Photochopping

May 30, 2009

photochop1

Last evening we went for a short ride on the Holmes County Trail. A couple of miles out we met a young woman on roller blades. After she went past it occurred to me that she would make a good candidate for Trail usage photograph. It happens to me a lot that I see a good photograph after the opportunity to take it has passed.

We turned around. I was riding my old Schwinn Collegiate 3 and various pressure points on my body were starting hurt. I kicked it into high gear and started to pedal…Hey! This is not bad. I felt better and was a little surprised that the old bike would ride that well. Then I saw the woman on roller blades out ahead of me and realized that I might have another chance to get a photograph.

The long and the short of the story was that she was constantly moving away from me so the only way to take the picture was from the moving bicycle. That of course resulted in a whole series of blurred photographs.

Later as I was editing them, throwing away the files, this one caught my eye. I cropped it and did an auto adjust of the contrast and color. I like it.

That got me thinking again about the contrast between digital and film photography. When I shot film, I would sometimes throw the lens seriously out of focus and stop it down a little to saturate the colors, just for a little different view of the subject. Or perhaps shoot through a wet or frosted window. I still do it with digital but with digital images, all of that, and more, can be done in software, sometimes derisively known as Photochopping. Both known as and done, sometimes even by me.

This photograph looks photochopped…some kind of blur or soft focus effect. But this is the original base image. Does the distinction matter? Does it matter that I didn’t intentionally make the photograph the way it turned out? And where do you draw the line? Cropping, straightening, contrast, and color adjustments are OK but special effects are too much. These are questions that photographers, collectors of photographs, and others with pecuniary interests in photography like to debate.

It has always seemed to me that the image had to stand on its own. Photoshop and other graphic manipulation programs are part of photography. The photographer uses his/her skill with all the tools available from camera to final medium including their eye for design and composition to create the image. Even if the image is serendipitous…

Glorifying Guns

May 19, 2009

guns1

A couple of weeks ago, my wife and I went for an early morning ride on the Holmes County Trail. A couple of miles north of town we found a little red fox kit in the middle of the trail. My first thought was that it had been hit by an Amish buggy. Then my wife said, “Here’s another one.” Then I realized that they had been shot.

The incident upset me, for lack of a better word. I wondered what kind of person shoots little red foxes. They were out in the middle of nowhere, not like they were in the chicken house killing chickens. They were shot illegally, out of season and on a public thoroughfare. This was not hunting. It was not self-defense. It was not destroying a pest. It was just plain wrong.

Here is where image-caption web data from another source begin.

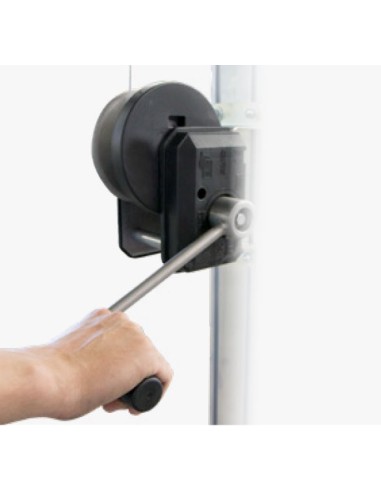 Escalera con plataforma y plano de carga eléctrico  PICK10  4 Peldaños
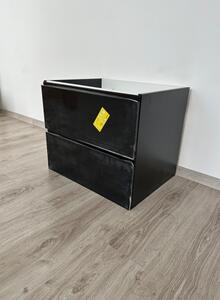 Skrinka pod umývadlo DELAY čierna 60 cm | zmontovaná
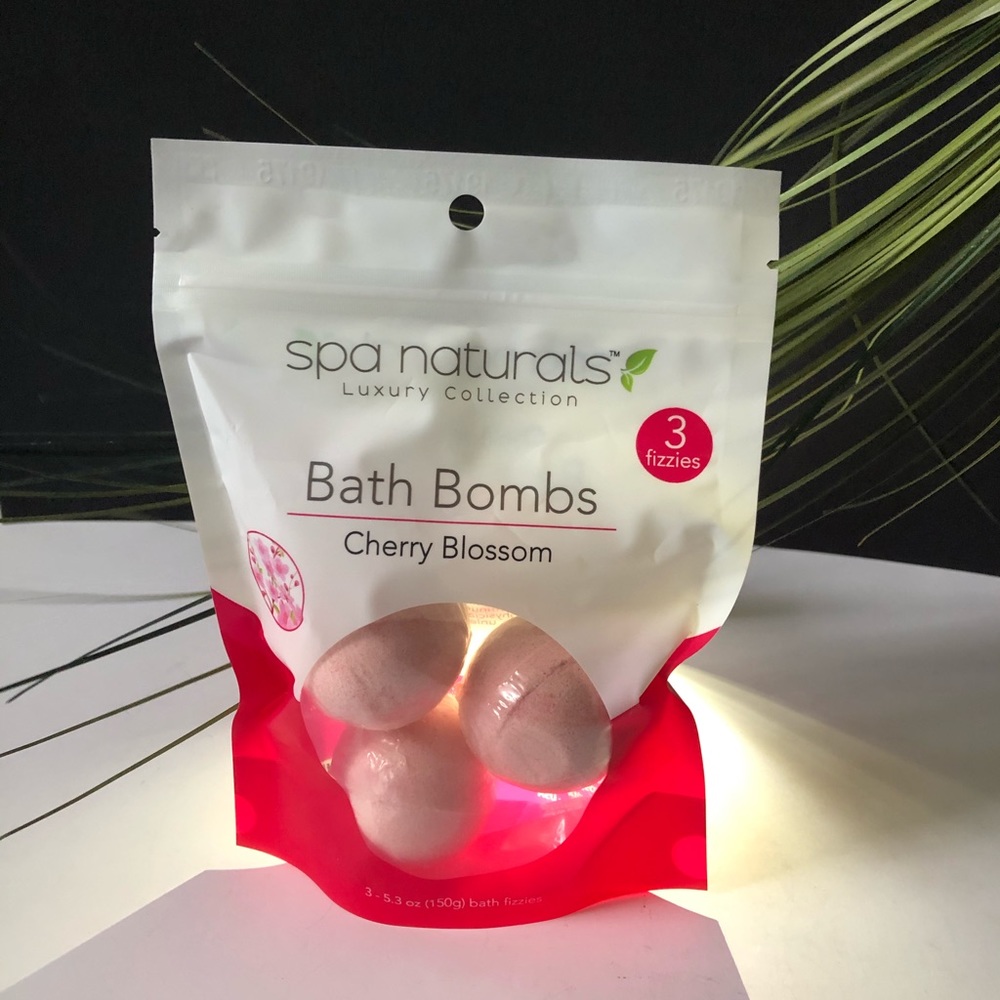 Spa Naturals Luxury Collection Cherry Bath Bombs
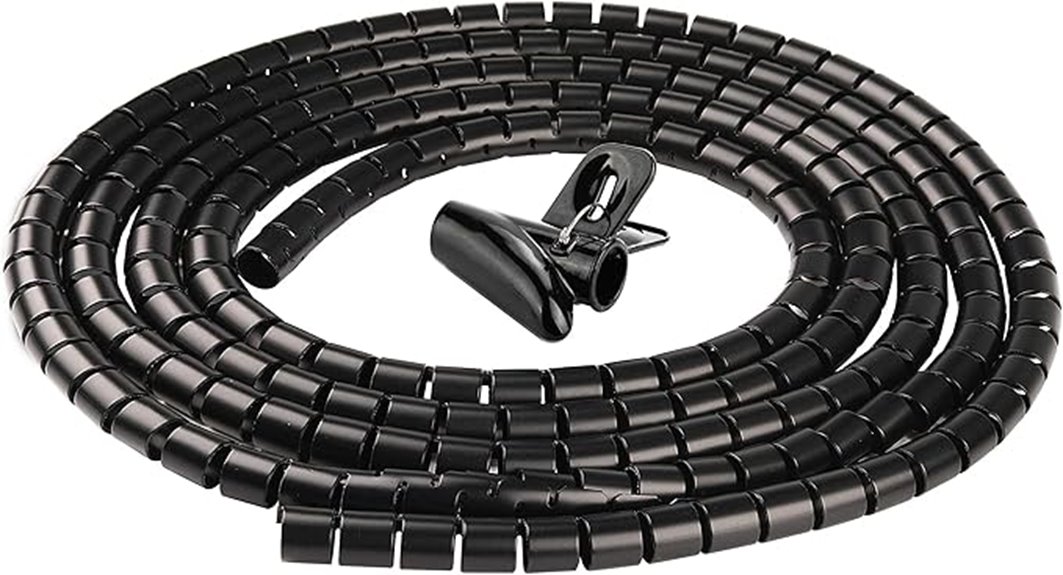 118 inch coiled cable sleeve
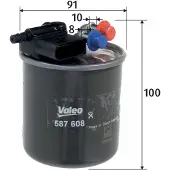 Valeo 587608 Brandstoffilter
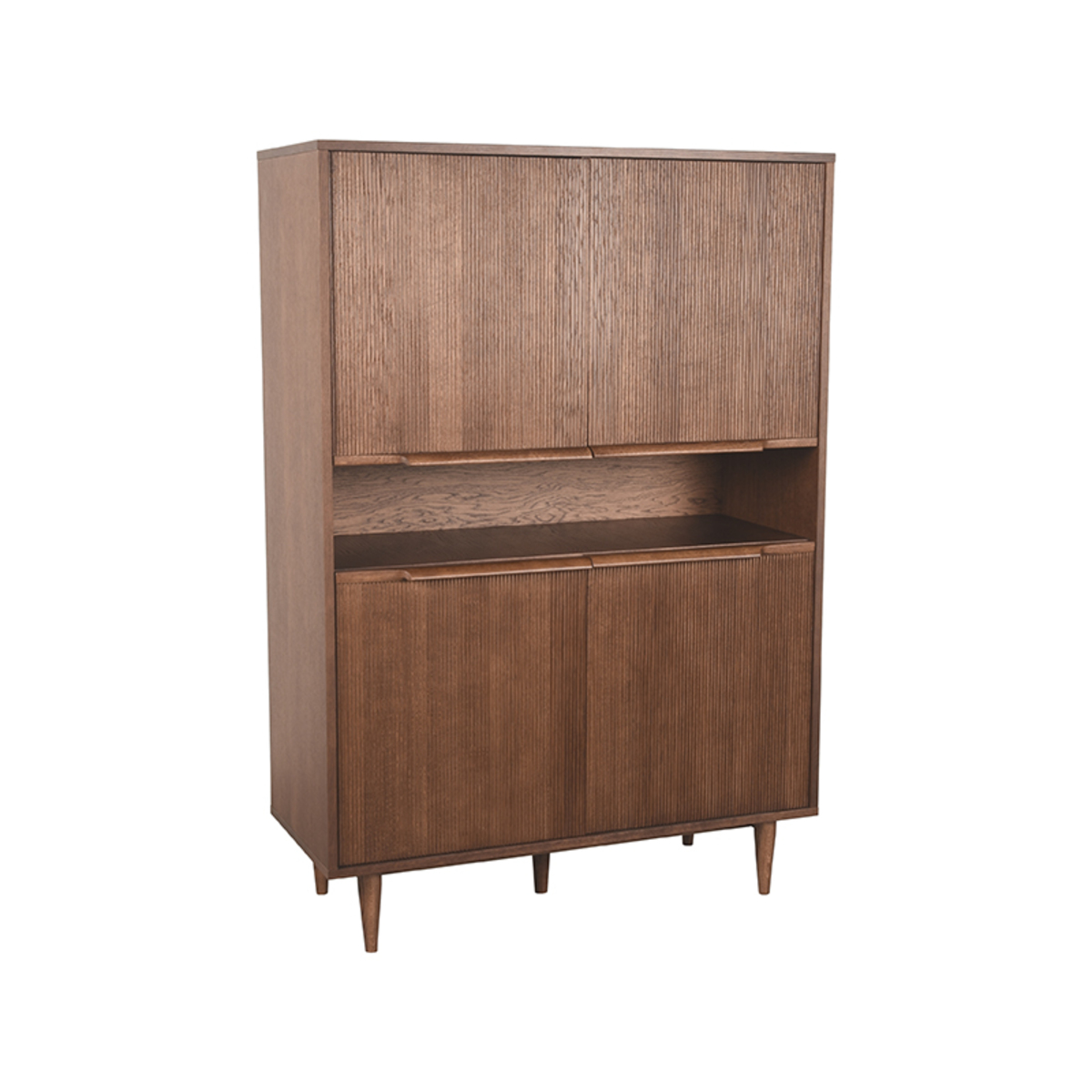 LABEL51 - Bergkasten Jule - Walnoot - 49x110x158cm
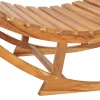  tömör tíkfa hintázó napozóágy párnával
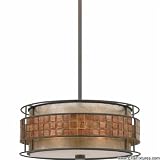 Quoizel MC842CRC Mica 3-Light Pendant from the Quoizel Naturals Collection with Mica Shade, Renaissance Copper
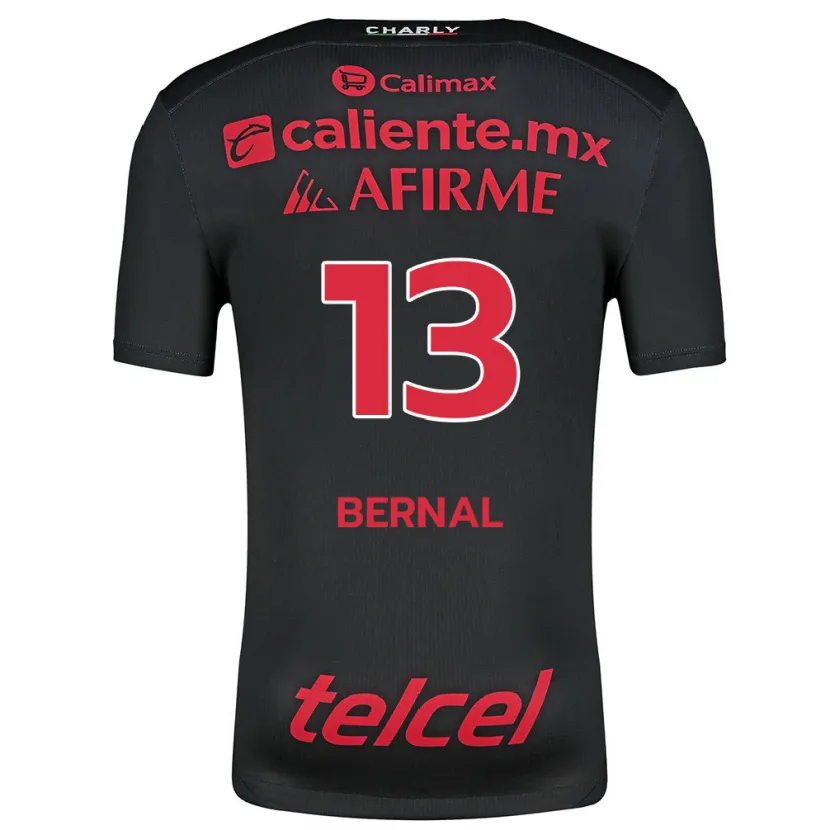Danxen Uomo Maglia Mayra Pelayo-Bernal #13 Nero Rosso Kit Gara Home 2024/25 Maglietta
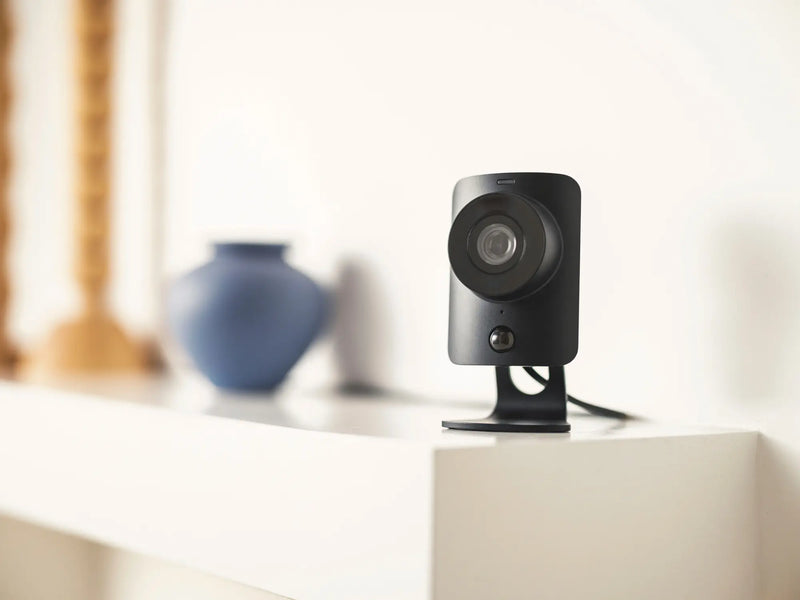 SimpliSafe - SimpliCam Wired Indoor 1080p HD Security Camera - Black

I am not against gun ownership. I own a few myself. I don’t like it but you need to have one on a farm. I’m not against hunting. In fact the state could allow more whitetail deer to be taken in our county and it wouldn’t bother me a bit. But I don’t glorify guns. In today’s world they cause a lot more problems than they solve. The unfortunate truth is that there are a lot of gun owners around who are not responsible. It is incidents like this, and more serious ones, that turn moderate people toward stricter limits on gun ownership and use.

And then this last weekend along I-74 in Illinois, fashioned after the old Burma Shave signs…

When danger lurks

Remember Sonny

The rabbit’s foot didn’t save the bunny. 

—  www.gunsavelives.com

Little ditties like this are not convincing…gun owners need to accept responsibility for the privilege of gun ownership or risk losing it. At its root, a gun is a tool of violence, no matter how you slice it. To glorify guns is to glorify violence. Look at movie advertisements…there is often a big hand gun right out front…glorifying the violence of the movie. Is that the world we want? A responsible gun lobby could be lobbying against that kind of promotion. They could be lobbying for stricter enforcement of gun violations, against violence toward both human and animal.